The history of Mississippi is as long as the state’s name. This beautiful land is frequently plagued with flooding because of the gorgeous river it is named after. Right now, the state is suffering from bad flooding rivaling the Great Flood of 1927. However, Mississippi is a state that gets back on its feet. Because of that, we wanted to share some great spots for you to visit once the state dries out again.
There are many fantastic museums and parks to visit. But, as always, we want to look at some places that are slightly off the beaten path.
Our first stop is Ship Island. Although this spot can be found in many, many guidebooks, it’s literally off the path.

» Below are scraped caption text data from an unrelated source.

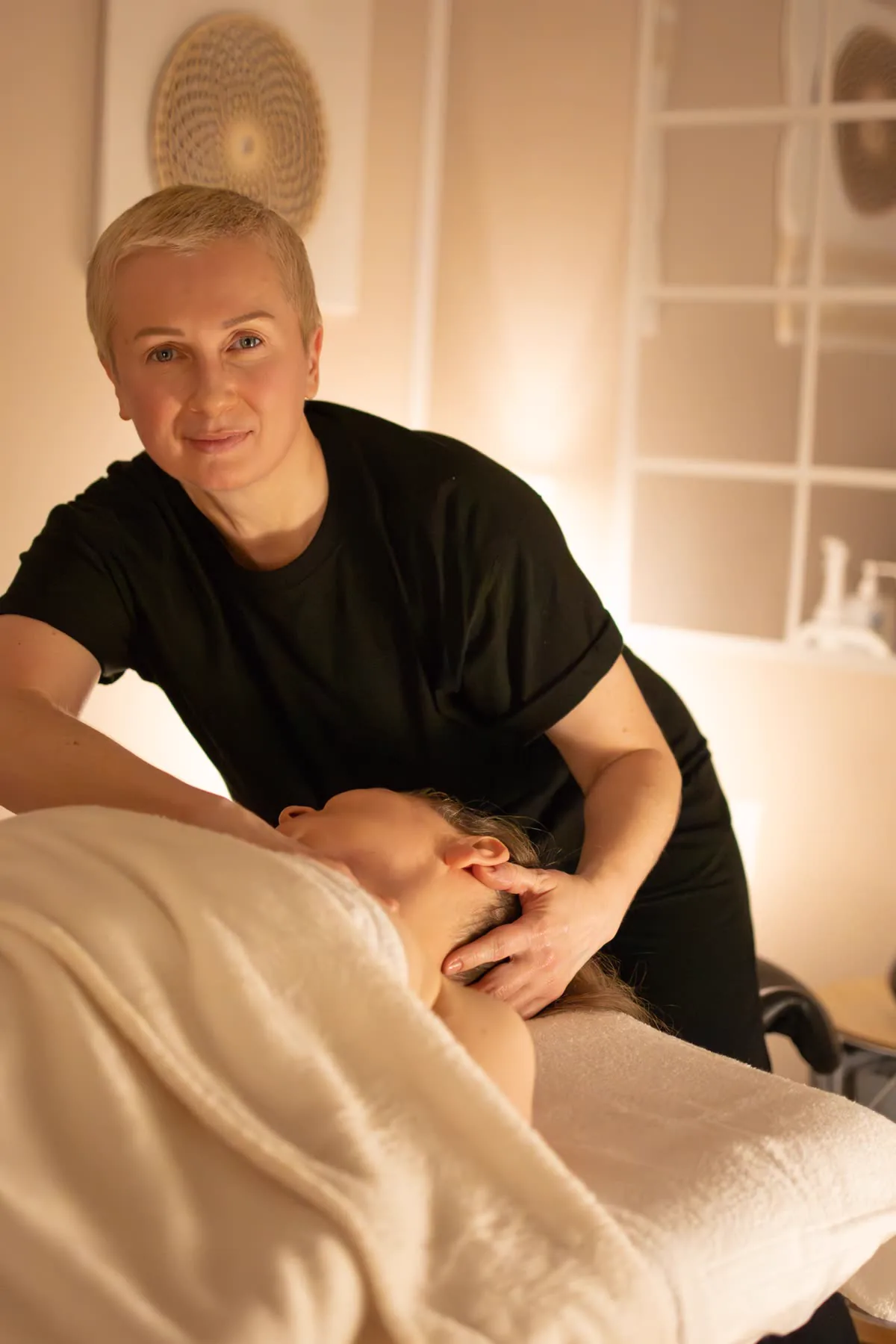 Terapeutka pracuje nad karkiem klientki podczas masażu zdrowotnego w studiu Massage 4 You w Poznaniu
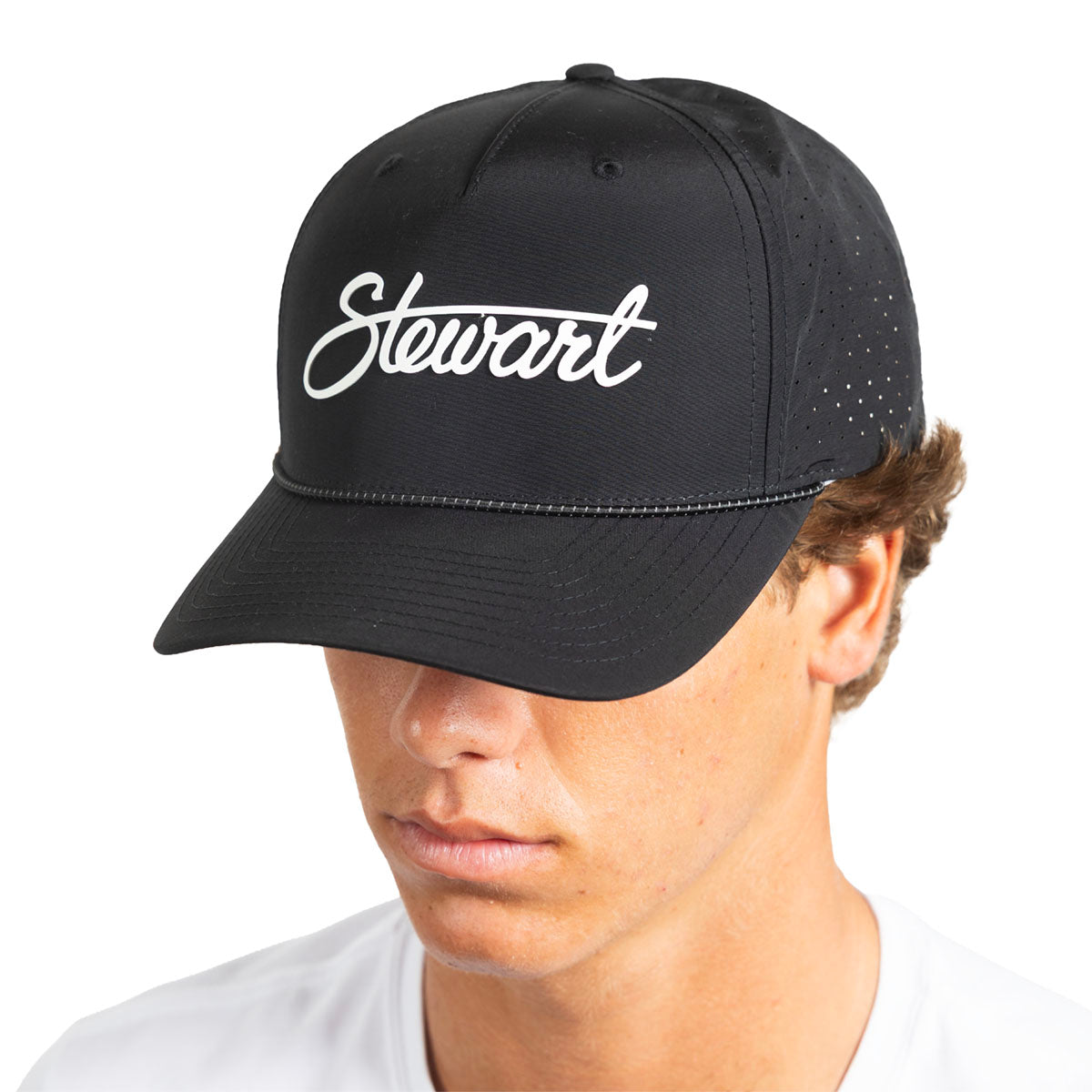 A man wearing a black baseball cap with 'Stewart' embroidered in white script on the front, shown against a plain white background.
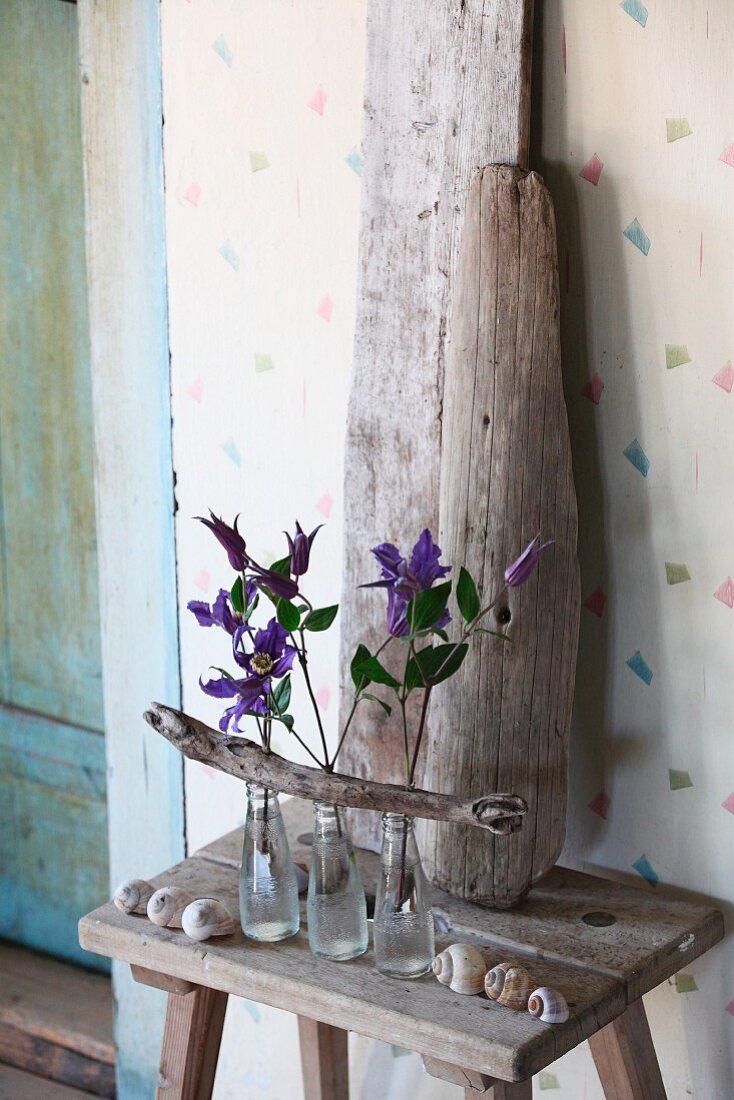 Arrangement of clematis flowers in three glass bottles with driftwood branch in front of upright driftwood pieces on wooden stool in vintage ambiance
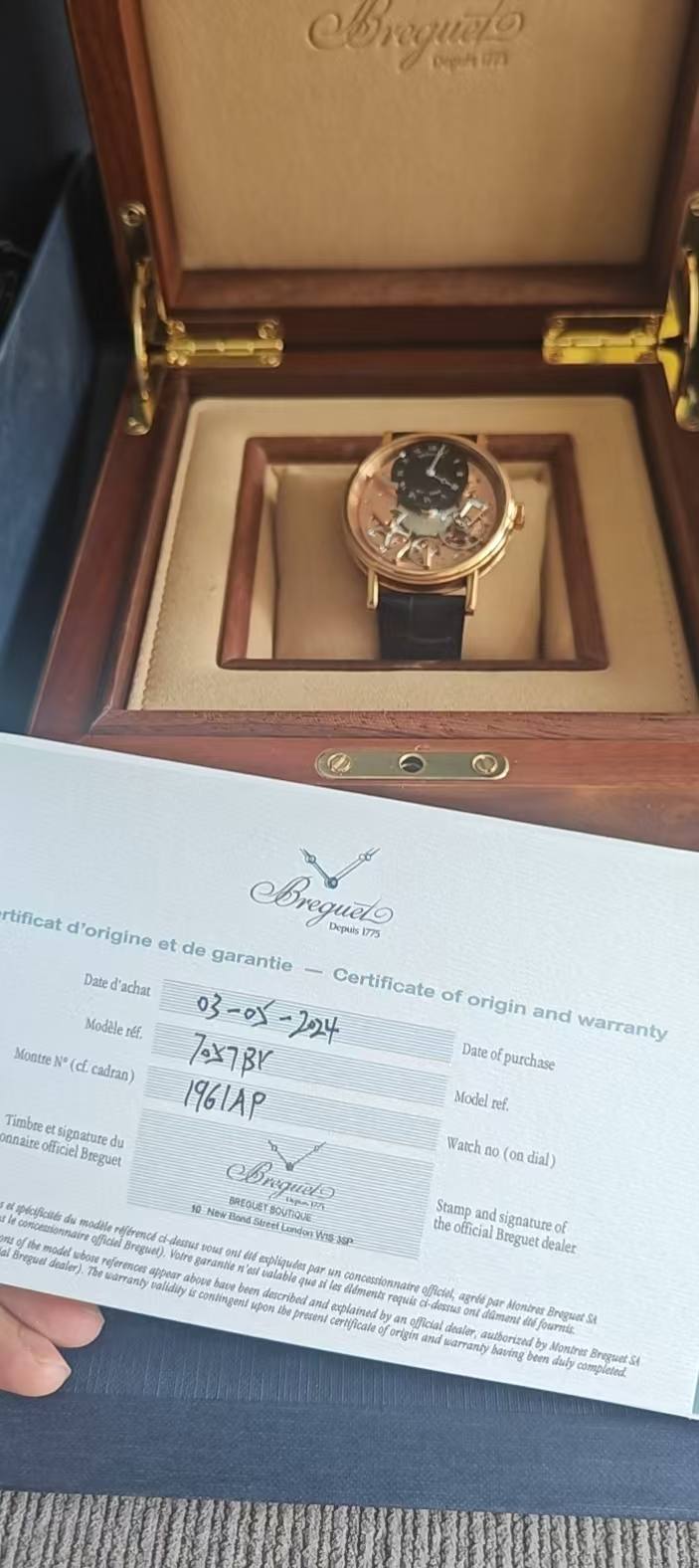 May be an image of wrist watch and text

After an hourlong ferry ride, you will reach a gorgeous uninhabited island with little more than an old fort, a snack bar, showers, bathrooms and chairs and umbrella to rent. Reviewers urge people to bring sunscreen and say the walk from the ferry to the beach is quite a distance, so be prepared for that. If you are a fan of dolphins, you might see them on the ferry or even from the boardwalk along with stingrays. That alone may be worth the trip! The fort has guided tours for history buffs, led by knowledgeable park rangers. Get ferry tickets here.
Thinking of Elvis, our minds immediately turn to Graceland in Memphis, Tennessee. But he didn’t spend his whole life there. He was born in Tupelo, Mississippi, in a house that would be reposed by the bank only a couple of years later. Now, restored to the state it was when the musician was born, this is a site any music lover should visit. This historic site also contains a small museum along with the church he attended and an events center. The church was moved to be on the same location as the house. It was the first place he heard gospel music. His family left the town when he was thirteen, but he didn’t forget his childhood home, visiting for benefit concerts to help the town raise money. Big Elvis fans will love sitting on the porch swing outside this two-bedroom house. While the grounds are always open, the buildings are only available to tour Monday through Saturday 9-5 and Sunday 1-5. Learn more at the official site.
If you are looking to step further back in time, past Elvis’ birth, go to the Simmons-Wright Company Store. The general store still looks and operates as it did in the late 1800s. Although, you can no longer pay your bill in cotton. It operated back in the days when, if your cotton couldn’t cover the price of your purchase, it went on your tab. This large, one room store feature knick-knacks, food, farming equipment and more. It is dimly lit by exposed bulbs hanging from the ceiling. One noticeable change is the attached café, designed to evoke the era. Learn more about the store at its official site.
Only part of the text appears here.